Baptista (2020) provides crosslinguistic empirical coverage of reported congruent forms in 20 contact languages across 19 grammatical domains (including negation,Tense, Mood, Aspect markers, complementizers…). That study’s documentation of the congruent forms reported in the scholarly literature (Kihm, 1990; Corne, 1999; Mufwene, 2008; Aboh, 2015) lead to the design of a Pattern-Matter-Mapping (PMM) model. The PMM model rests on the proposal that in the context of Creole formation, the linguistic properties that speakers perceive to be shared (congruent) among the input languages maybe more easily learned and are probabilistically more likely to emerge in a given Creole.

This supports linguists’ assumption that feature similarity across languages in contact seems to correspond to facilitation in acquisition and language emergence (as in the case of Creole languages). However, because feature similarity is often confounded with other variables (e.g., feature frequency, language type, transparency, perceptual salience), it remains unknown whether congruence per se benefits learners. In this project, our team (Danielle Labotka, Emily Sabo, Rawan Bonais, Susan Gelman and myself) abstracts away from such variables.

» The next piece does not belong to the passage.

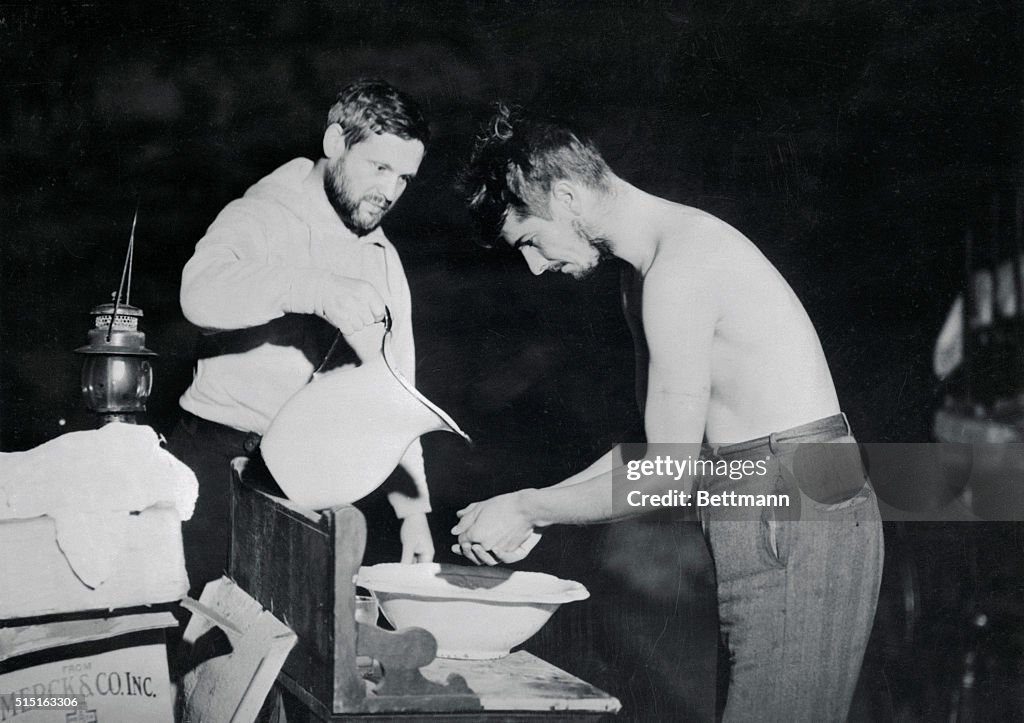 Physiologist Washing Their Hands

Following up on a prior study (Baptista, Gelman and Beck, 2016), we provide an experimental test of the effects of congruence on ease of acquisition through an artificial language-learning experiment involving English (L1) and two artificial languages (Flugerdu and Zamperese). Native English-speakers (N = 163) were randomly assigned to one of four conditions, varying which of the three languages expressed negation with converging forms: all three languages (English, Flugerdu and Zamperese); only Flugerdu and Zamperese; only English and Flugerdu; or none. Our findings show that participants better acquired the negation morpheme when the form converged with negation in English but not when the forms in Zamperese and Flugerdu converged with each other. We likewise found unanticipated spillover effects in which participants better acquired the vocabulary and grammar of the artificial languages when all three languages had converging negation forms. These findings provide insight into issues surrounding language acquisition in multilingual environments and Creole language formation.